Oleh: Inayah Hidayati
ARUS besar pengungsi Rohingya ke beberapa negara tetangga, termasuk Indonesia, telah menimbulkan krisis kemanusiaan yang signifikan.
Di Bangladesh, di mana kamp-kamp pengungsi terpusat, tantangan muncul dalam menyediakan kebutuhan dasar, perawatan kesehatan, dan pendidikan.
Baca juga: Migrasi Pengungsi: Memahami Tantangan dan Implikasi
Kesulitan ini menegaskan kebutuhan mendesak akan kerjasama dan dukungan internasional, sejalan dengan prinsip-prinsip yang diuraikan dalam Global Compact of Migration (GCM).
Pemindahan pengungsi Rohingya tidak hanya menyebabkan krisis kemanusiaan, tetapi juga menimbulkan tantangan pembangunan di komunitas tuan rumah penampung.
Konsentrasi Rohingya yang tidak terdaftar di area tertentu, seperti Cox's Bazar - Bangladesh, telah membebani sumber daya dan infrastruktur lokal.
Konsentrasi ini menimbulkan kekhawatiran tentang mata pencaharian yang berkelanjutan bagi pengungsi dan komunitas lokal, menekankan perlunya strategi pembangunan komprehensif yang diuraikan dalam GCM.
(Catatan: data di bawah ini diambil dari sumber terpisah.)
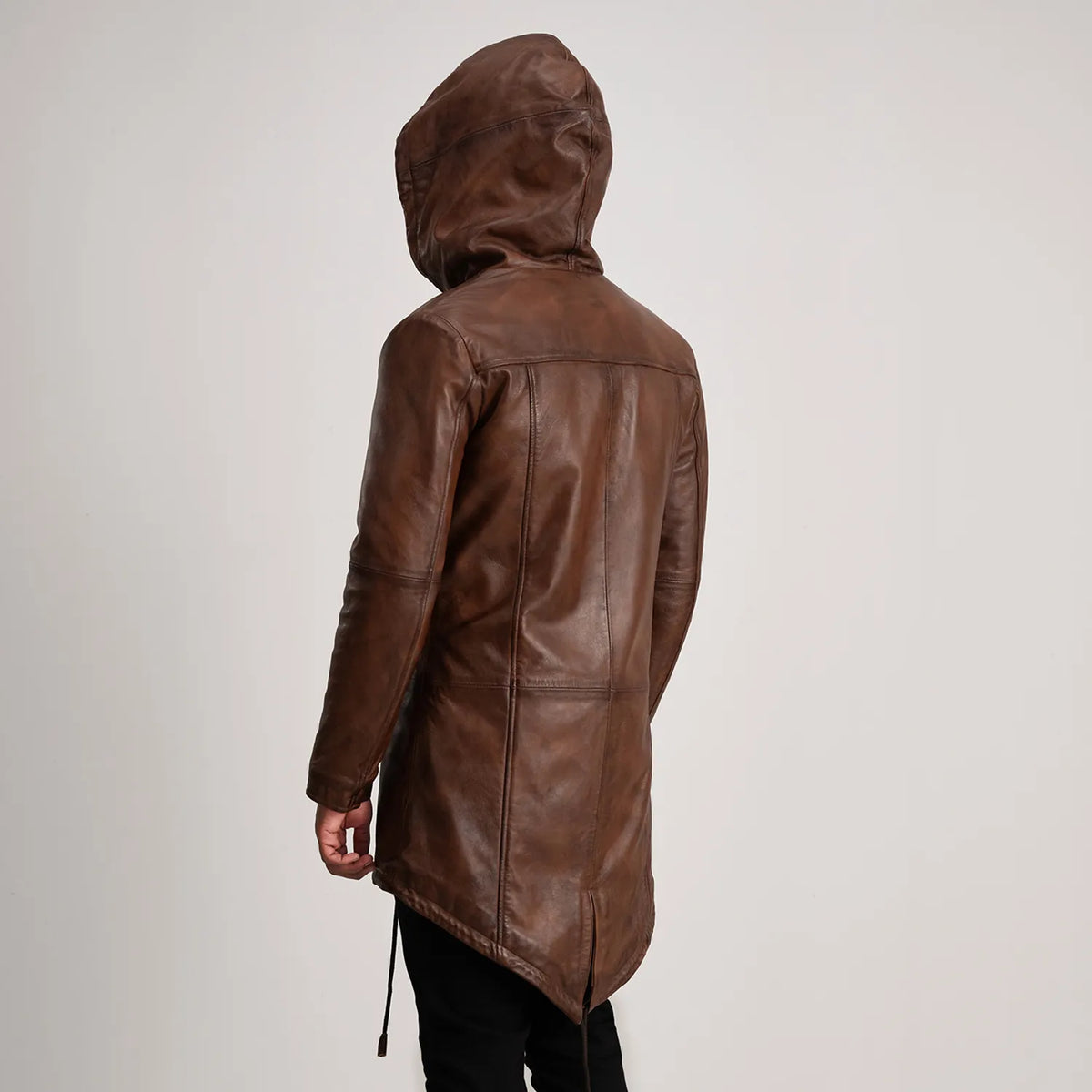 Delvin 가죽 자켓 남성용 – alternate product view 5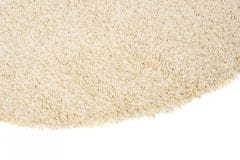 Chemex Preproga Rio Shaggy Oval Debela 50 Mm Barvita 6365A Kremna 60x100 cm
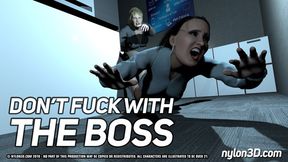 Don't Fuck With The Boss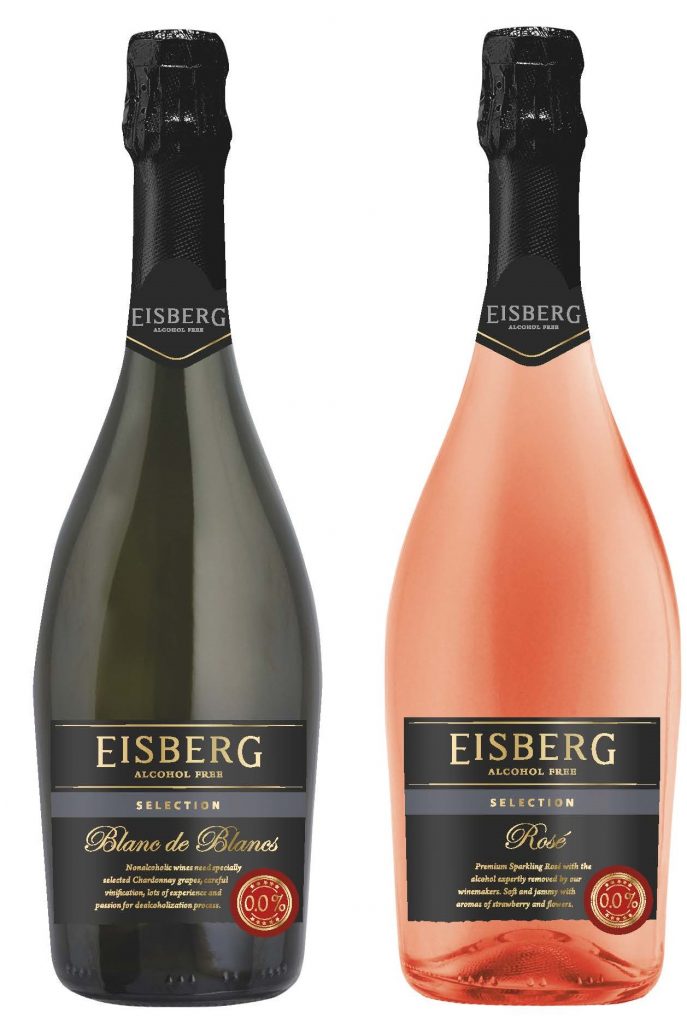 Eisberg launches new premium range of alcohol-free wines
Krisis Rohingya secara inheren terkait dengan pelanggaran hak asasi manusia, karena para pengungsi melarikan diri dari kekejaman sistematis negara di Myanmar.
Proses repatriasi sukarela dan penolakan terhadap integrasi di negara tujuan menimbulkan kekhawatiran tentang perlindungan hak-hak populasi yang terdislokasi.
Hal ini sejalan dengan prinsip-prinsip hak asasi manusia yang ditekankan dalam GCM, memperkuat pentingnya menjaga martabat dan hak-hak manusia sepanjang proses migrasi.
Interaksi antara pengungsi Rohingya dan komunitas lokal telah menimbulkan ketegangan budaya dan sosial, stigmatisasi, dan respons keagamaan.
Baca juga: Teknologi Ramah Lingkungan Pasok Air Minum untuk Pengungsi Rohingya
Mengatasi masalah-masalah kompleks ini memerlukan pendekatan yang relevan secara budaya, sejalan dengan penekanan GCM pada promosi kohesi sosial dan penghapusan diskriminasi terhadap migran.
Di Aceh, persoalan interaksi antara pengungsi Rohingya dengan komunitas lokal telah menjadi titik fokus perhatian (Chowdhury et al., 2021).
Pendekatan kebijaksanaan lokal seharusnya dapat digunakan sebagai solusi untuk mengurangi dampak negatif keberadaan pengungsi Rohingya di Aceh (Yulia & Mukhlis, 2022).
Salah satunya adalah kesepakatan bahwa Indonesia setuju menempatkan pengungsi Rohingya di Aceh selama satu tahun di bawah pengawasan UNHCR (Ubaedillah et al., 2022).